Some of the ways she worked up the ‘culture wars’ were sort of funny, but not particularly deep and, in their overall leanings, predictably left-liberal. Though she brought Kiki around to some kind of interest in Monty’s “conservative” take on issues such as affirmative action, none of the characters that might have been used for a really probing case study were used that way after all, and the politics got sidelined, I thought, by the cliched sexual escapades of both Howard and Monty. Nothing really came of Levi’s attempt to discard his actual class identity and the white part of his family background; Jerome’s relationship with Victoria also goes nowhere in particular, simply getting diffused among the other miscellaneous plot twists. I could go on with complaints and questions, it turns out, but that’s probably enough for now.

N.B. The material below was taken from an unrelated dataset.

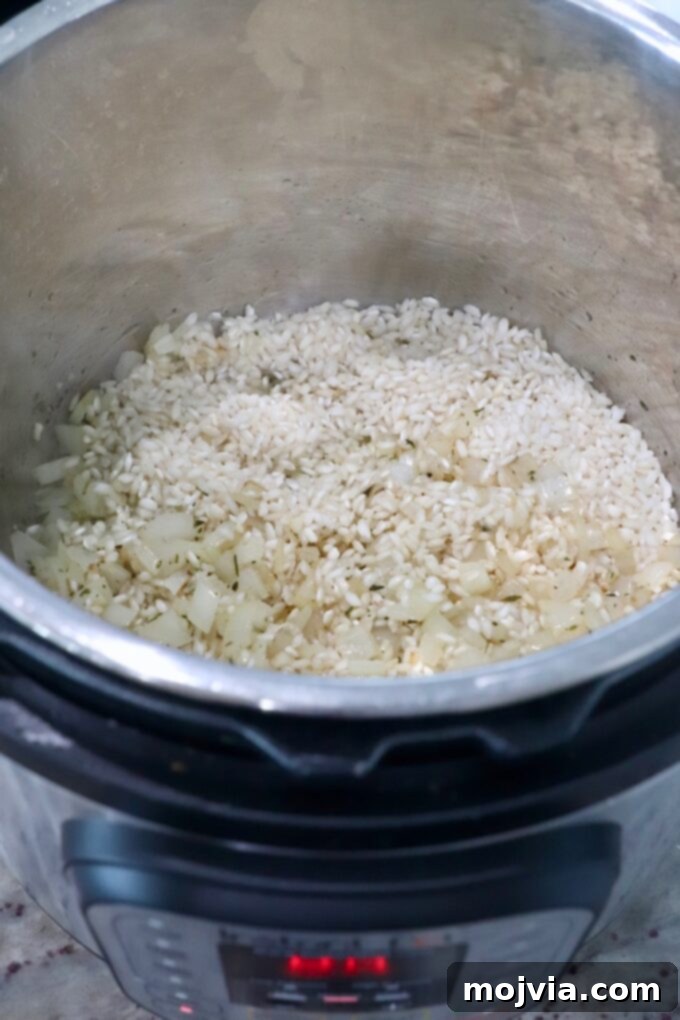 Quick & Creamy Instant Pot Risotto 5 arborio rice in Instant Pot with cooked onions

Now, given the praise heaped on the book by the reviewers, I’m open to ideas about how I might have read it better and enjoyed it more. I did find it mildly entertaining and readable, in the sense that I kept reading along happily enough waiting and hoping for it to come together in some stirring way. It just didn’t, and while some novels leave me feeling I underestimated them on a first reading and would like to go back more thoughtfully (The Night Watch, most recently), On Beauty just left me disappointed.

Zadie Smith, White Teeth

White Teeth

I thoroughly enjoyed reading this novel, which seemed as generous and humane as I expected from its reviews, and from the comments of other readers I had talked to about it. On the other hand, though I have heard the term ‘Dickensian’ applied to it–perhaps because of its length, and the diversity and eccentricity of its cast of characters–White Teeth struck me as more worthy of the ‘loose baggy monster’ epithet than such genuine Dickensian candidates as Bleak House or Little Dorrit. Where was the unifying pattern, whether of plot, imagery, or idea? Compare the climactic (?) shooting incident near the end of White Teeth with Krook’s spontaneous combustion in Bleak House, for example. While the former was high in drama and yet somehow comic, and while it brought elements of the story around to a kind of neat circularity, the latter (despite being entirely outrageous in realist terms, despite Dickens’s famous defense of it) is much more richly emblematic of the social and moral crises of its novel. Though I would not have expected to say quite this about Dickens, his is by far the more compelling moment aesthetically as well as intellectually.